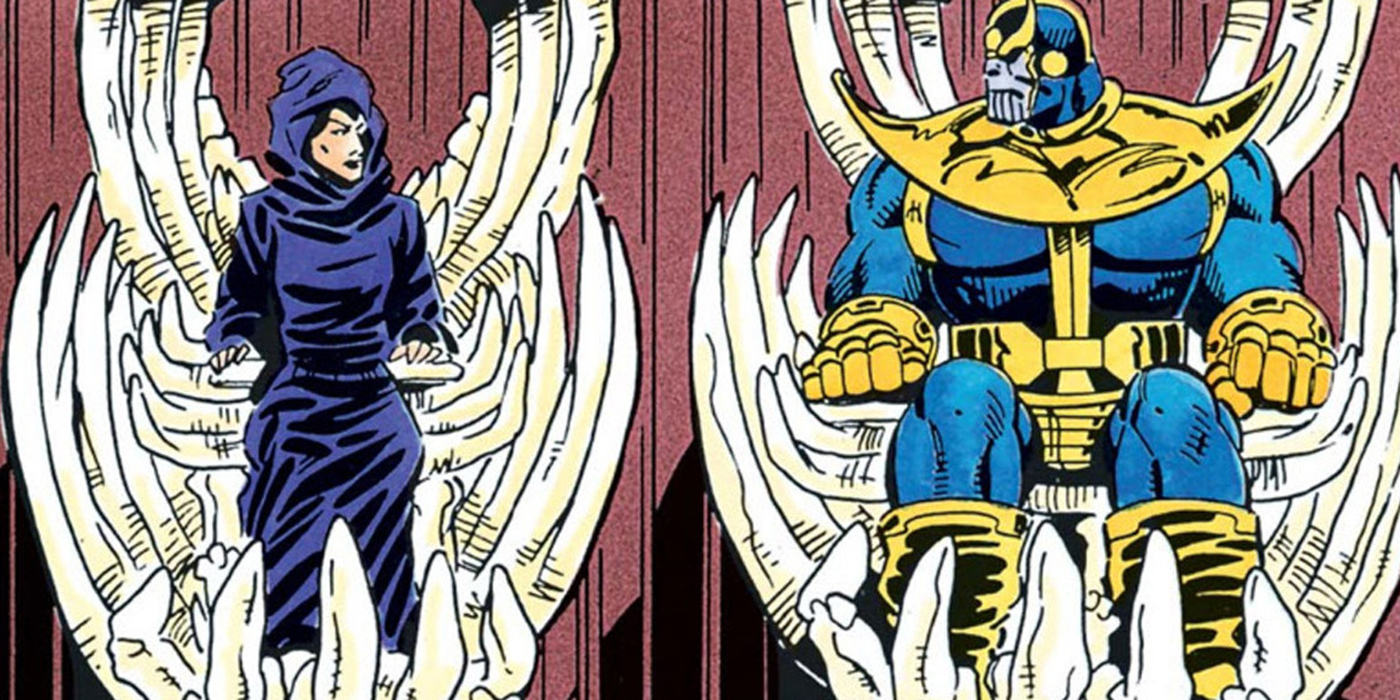 Vengadores: Endgame - 10 grandes diferencias de los cómics 1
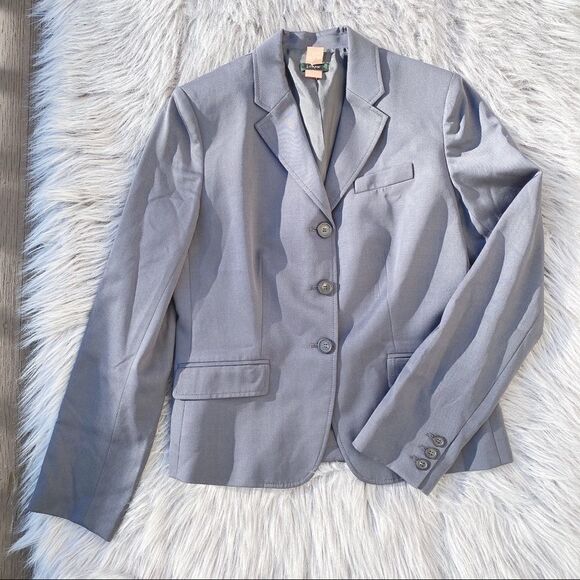 J. crew blazer / office coat - Picture 8 of 10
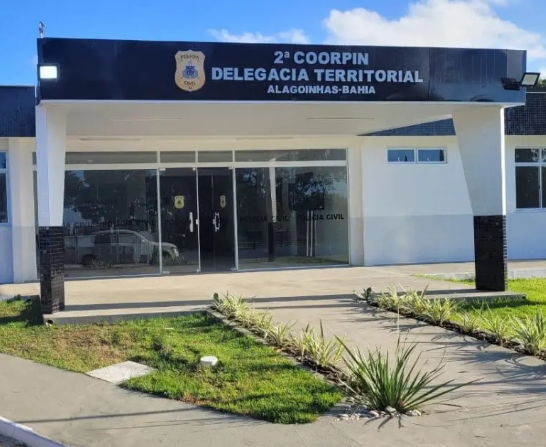 Procurado desde 2013, assaltante é preso em Alagoinhas, com ajuda do Reconhecimento Facial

= = = = = = =

### [INSTRUCTIONS TO FOLLOW]
Give the listing above again word for word, without its pictures.

### [TASK RESPONSE]
 Vengadores: Endgame - 10 grandes diferencias de los cómics 1
 J. crew blazer / office coat - Picture 8 of 10
 Procurado desde 2013, assaltante é preso em Alagoinhas, com ajuda do Reconhecimento Facial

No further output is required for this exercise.